(Task description): Below are entries with pictures among them; reproduce exactly, and only, the lines from the one containing "Epson T07144022 Giallo" down to the one containing "Smoothie fraise-abricot", without the pictures.

(Provided data):
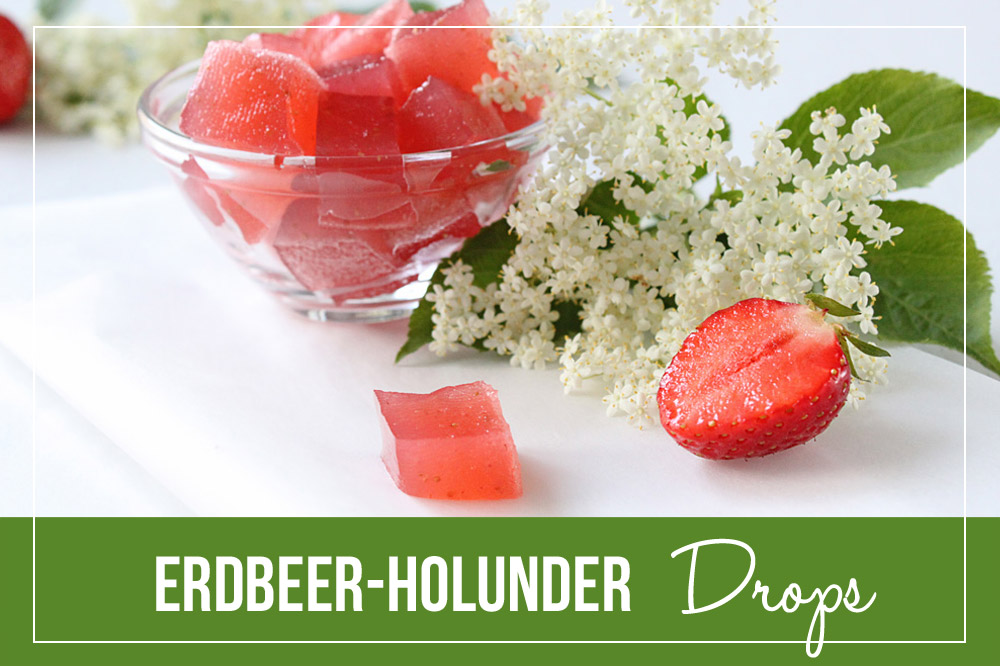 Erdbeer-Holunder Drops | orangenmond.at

---

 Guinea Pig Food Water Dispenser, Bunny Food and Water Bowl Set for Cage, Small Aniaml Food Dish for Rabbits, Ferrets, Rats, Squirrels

==

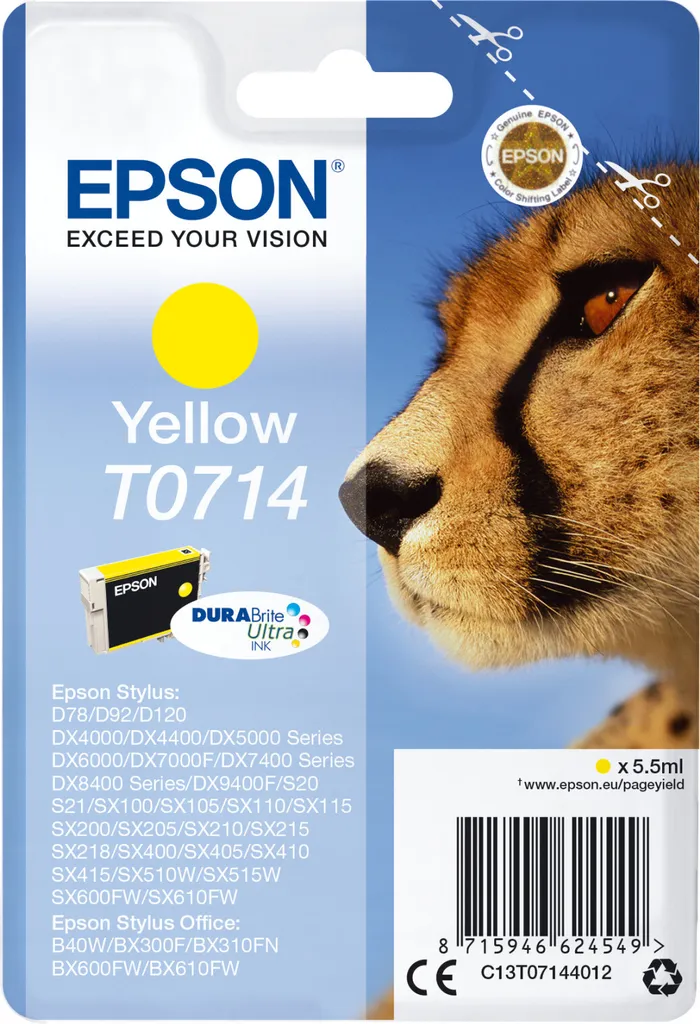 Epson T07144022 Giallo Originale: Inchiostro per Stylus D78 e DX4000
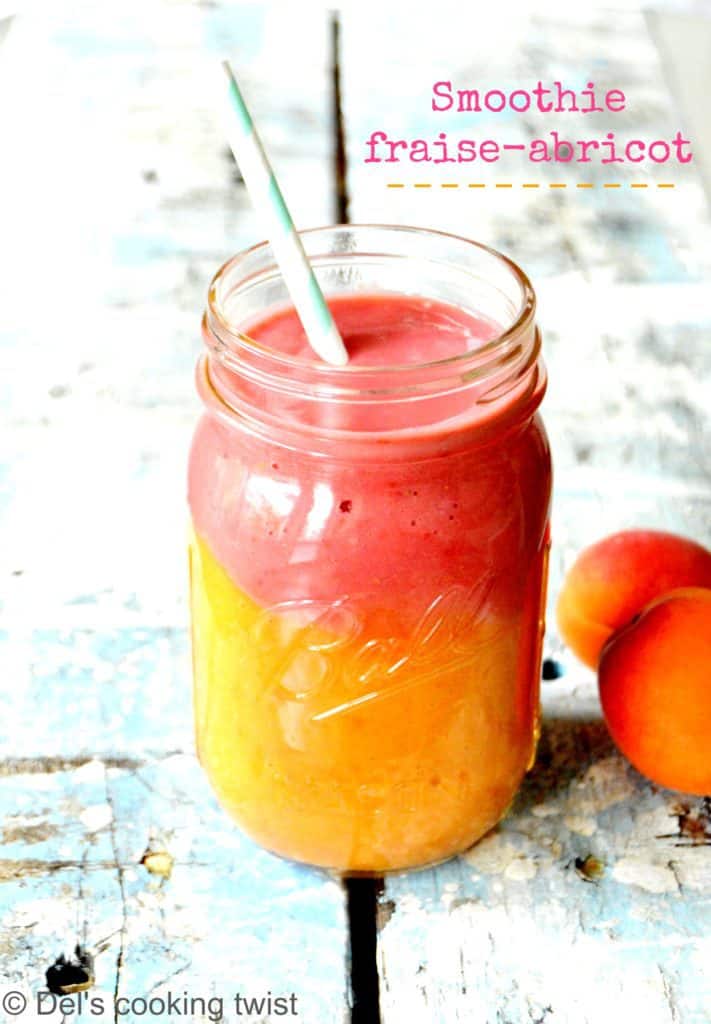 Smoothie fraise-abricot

(Solution for this task):
 Epson T07144022 Giallo Originale: Inchiostro per Stylus D78 e DX4000
 Smoothie fraise-abricot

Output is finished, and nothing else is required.